═══ STORED DATA

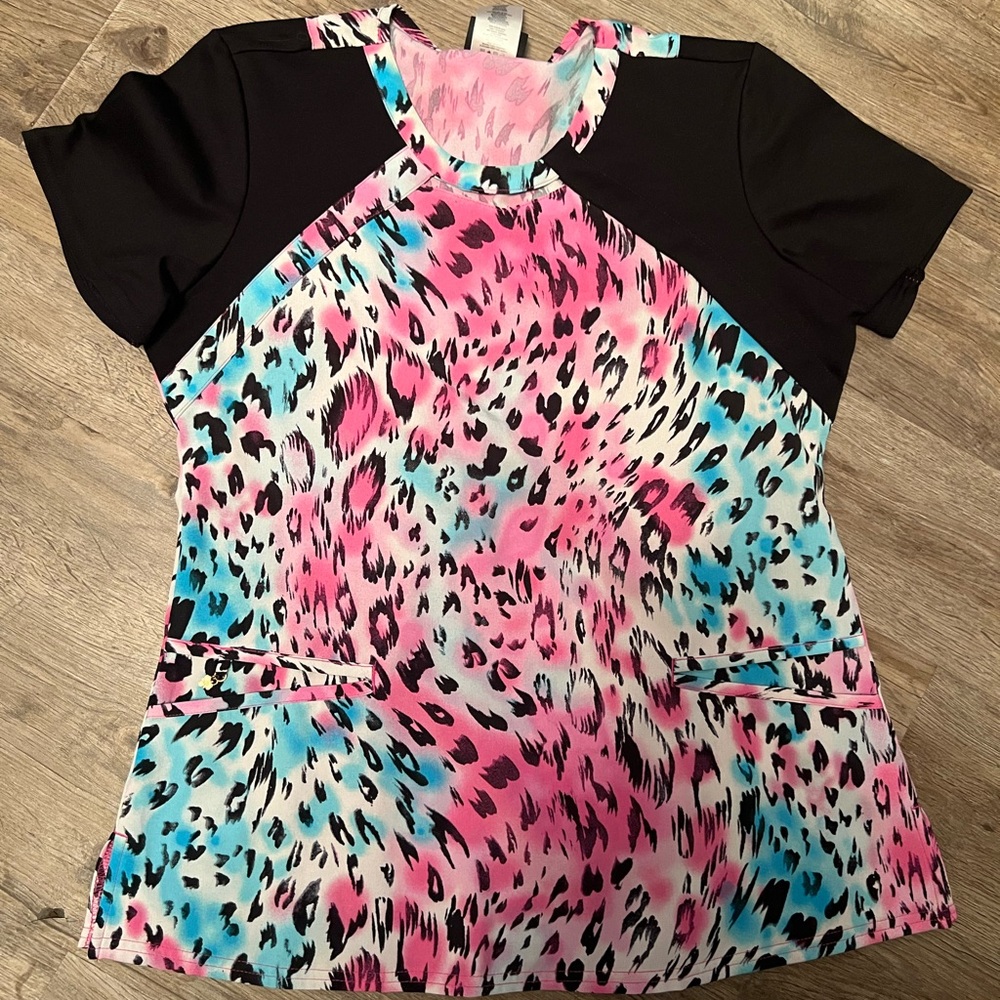 Women’s scrub top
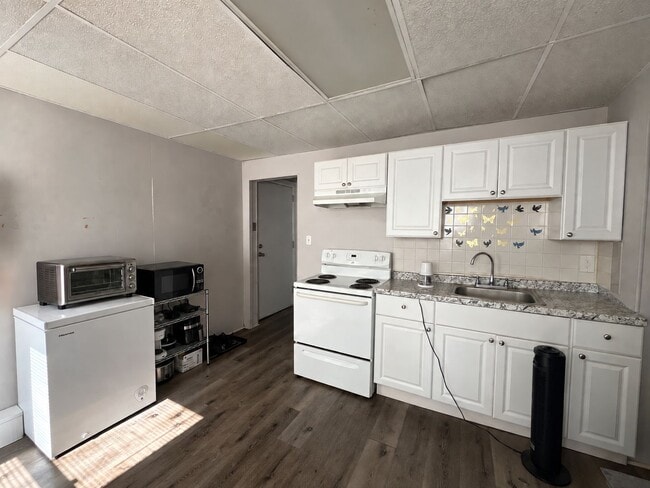 732 Broadway Unit 2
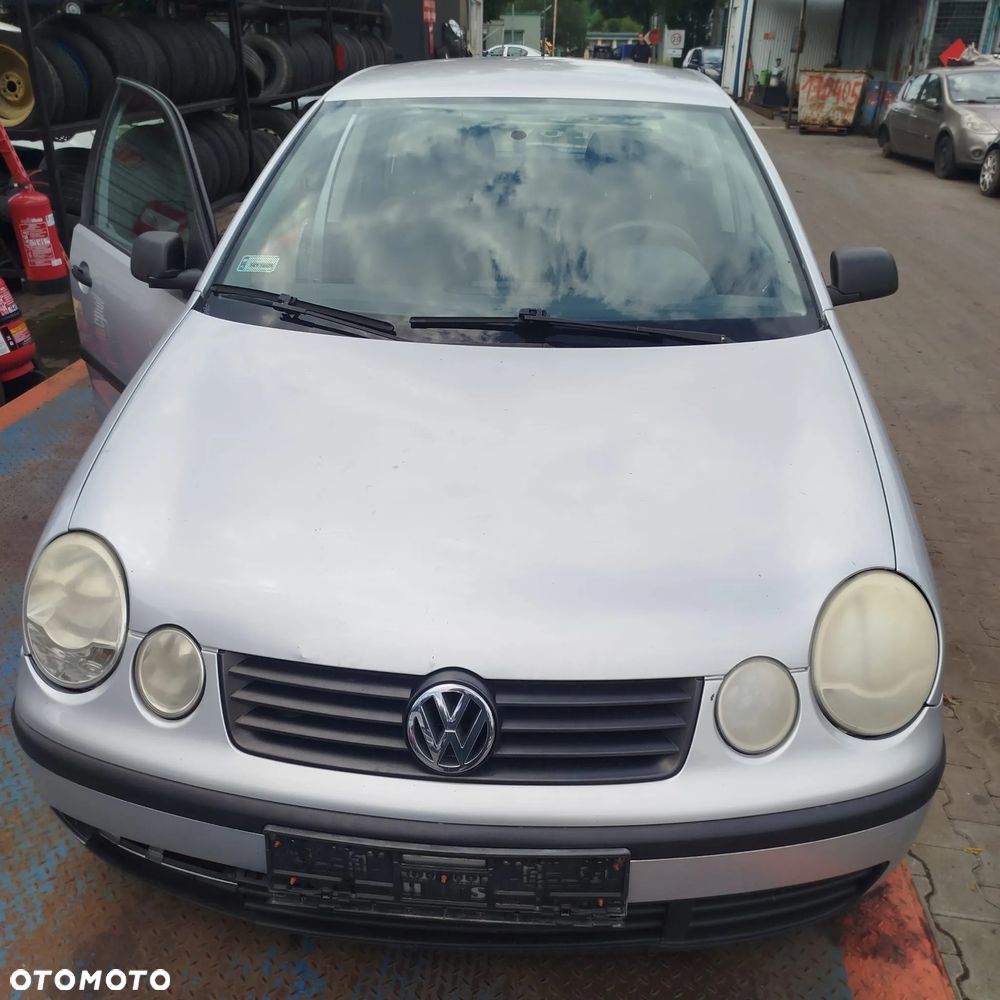 Volkswagen Polo 9N na części .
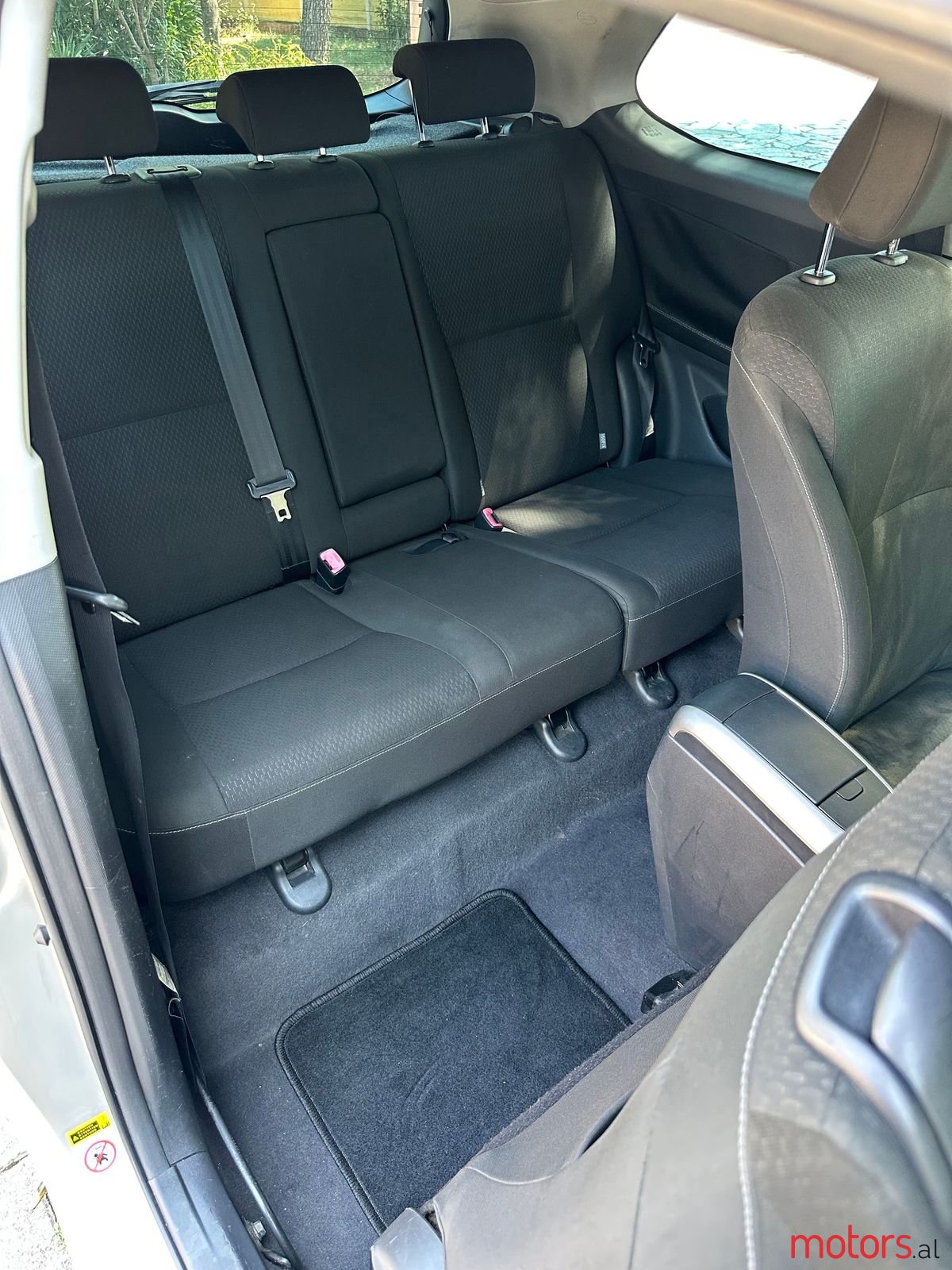 2009' Toyota Auris photo #3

══════

ABOUT THIS TASK: All of the material must be repeated exactly in the answer, apart from the pictures.

COMPLETED TASK:
 Women’s scrub top
 732 Broadway Unit 2
 Volkswagen Polo 9N na części .
 2009' Toyota Auris photo #3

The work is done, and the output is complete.